Data in this exercise |
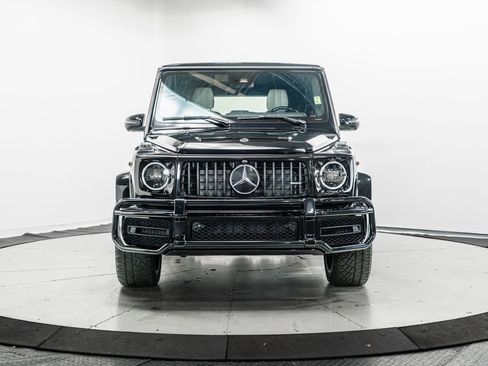 Used 2024 Mercedes-Benz G 63 AMG 4MATIC image 2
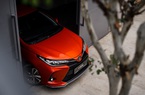 Toyota Vios 2020 được ra mắt tại Malaysia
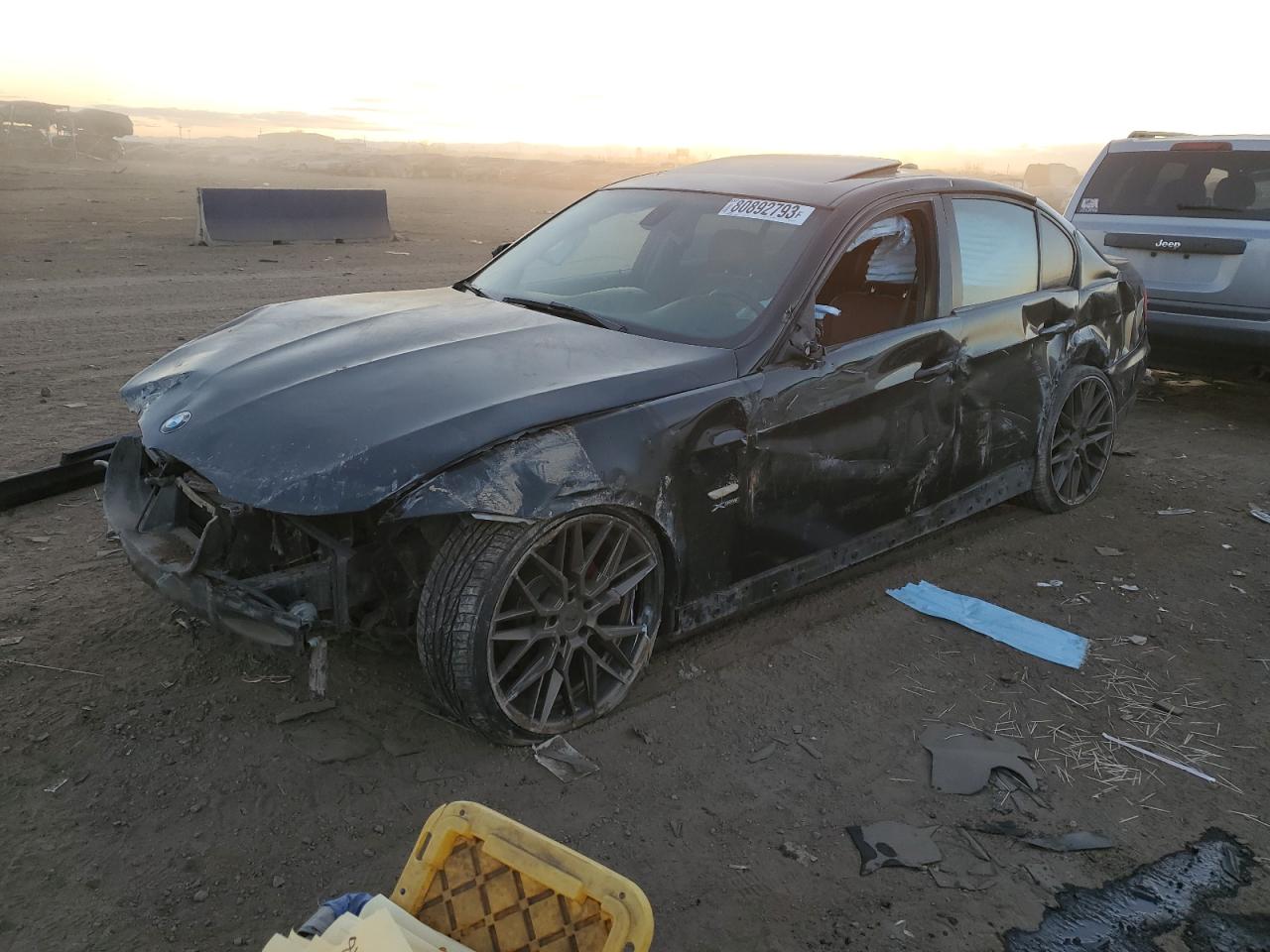 2011 BMW 328 XI 2011 image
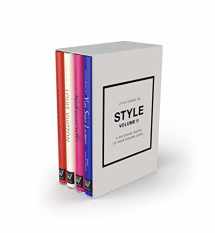 9781802792126-1802792120-Little Guides to Style II: A Historical Review of Four Fashion Icons (Little Books of Fashion, 18)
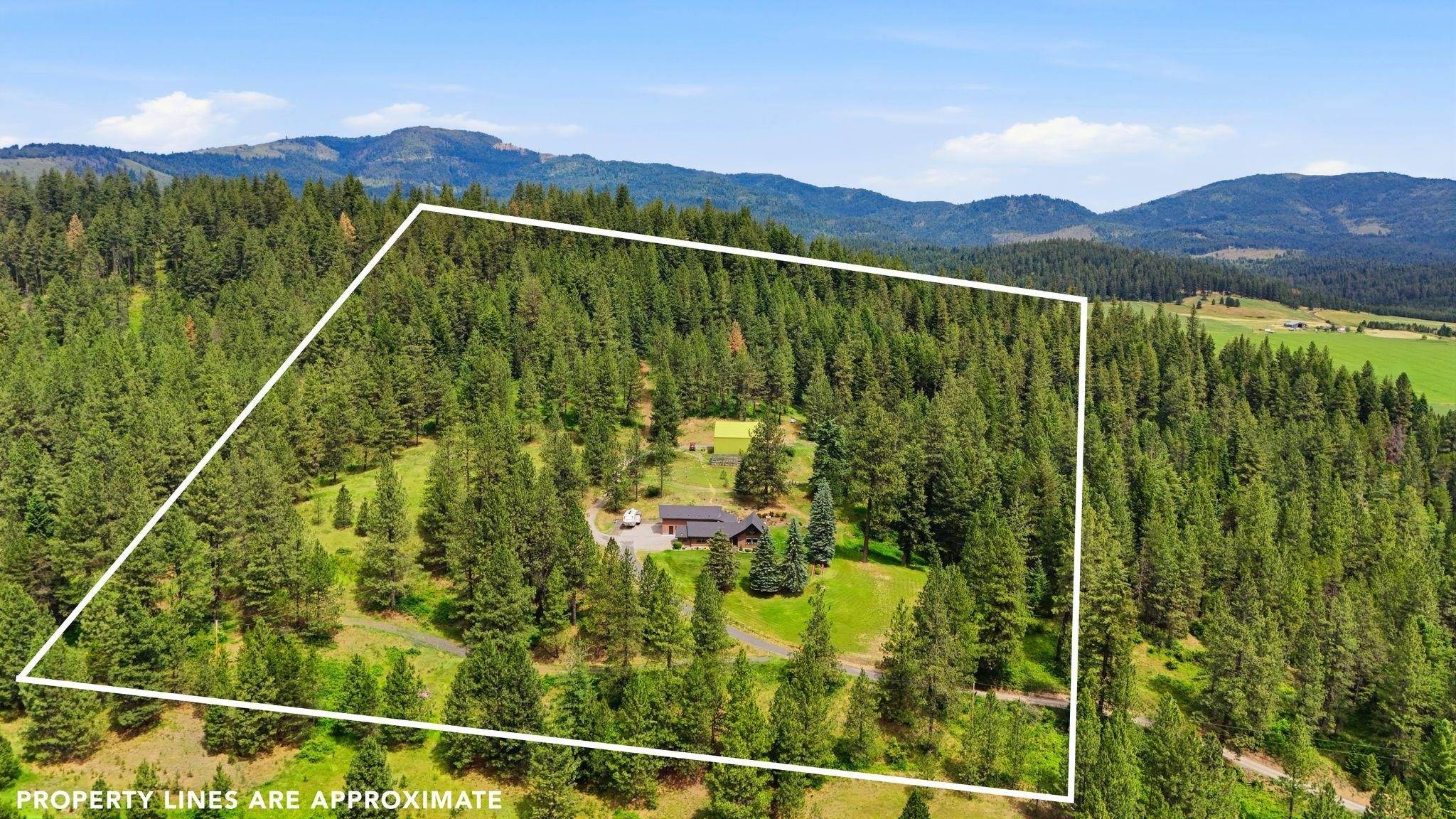 26401 E ELDER Rd, Rockford, WA 99030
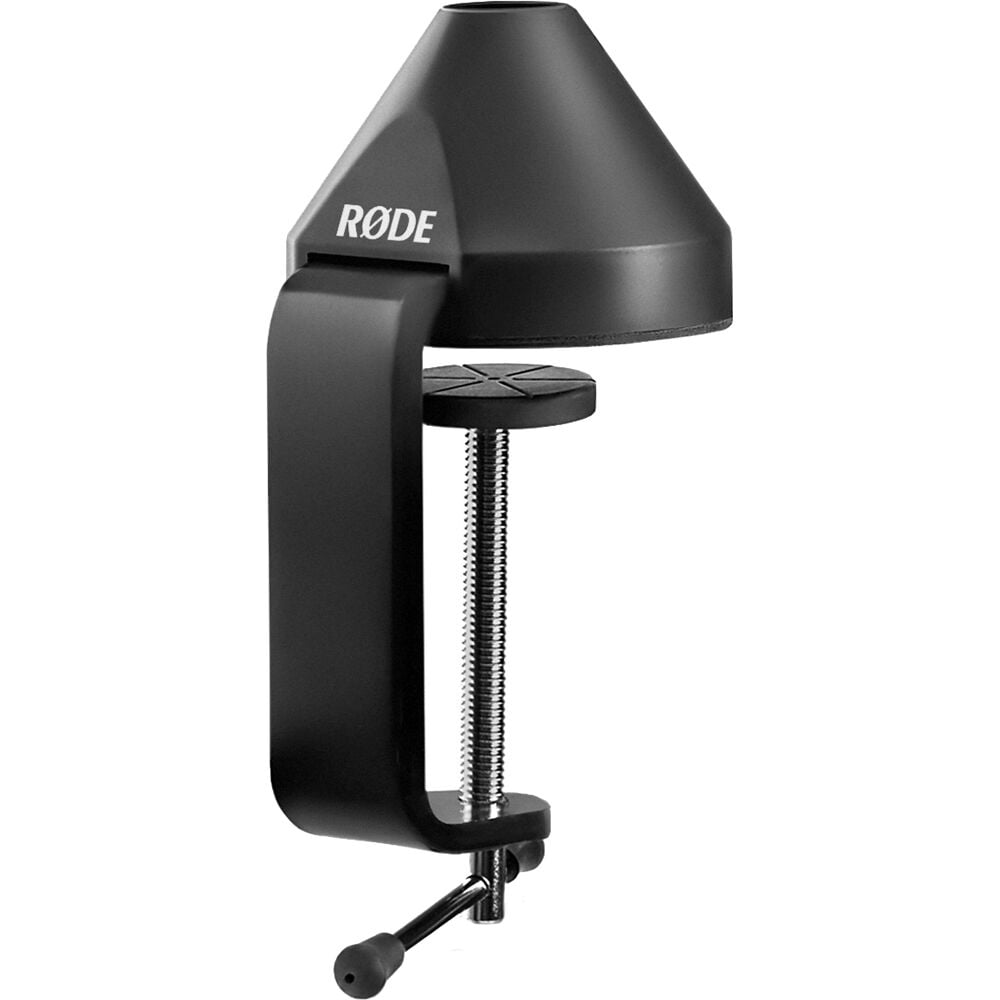 RODE PSA1+ Professional Studio Arm features a total reach of 94 cm, ensuring you'll be able to put the mic in the perfect spot while expending minimal effort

Exercise description | Reproduce the listing above from the line that contains "Toyota Vios 2020 được ra mắt tại Malaysia" through its final line, exactly and with nothing added. Omit the images.

Answer to this exercise |
 Toyota Vios 2020 được ra mắt tại Malaysia
 2011 BMW 328 XI 2011 image
 9781802792126-1802792120-Little Guides to Style II: A Historical Review of Four Fashion Icons (Little Books of Fashion, 18)
 26401 E ELDER Rd, Rockford, WA 99030
 RODE PSA1+ Professional Studio Arm features a total reach of 94 cm, ensuring you'll be able to put the mic in the perfect spot while expending minimal effort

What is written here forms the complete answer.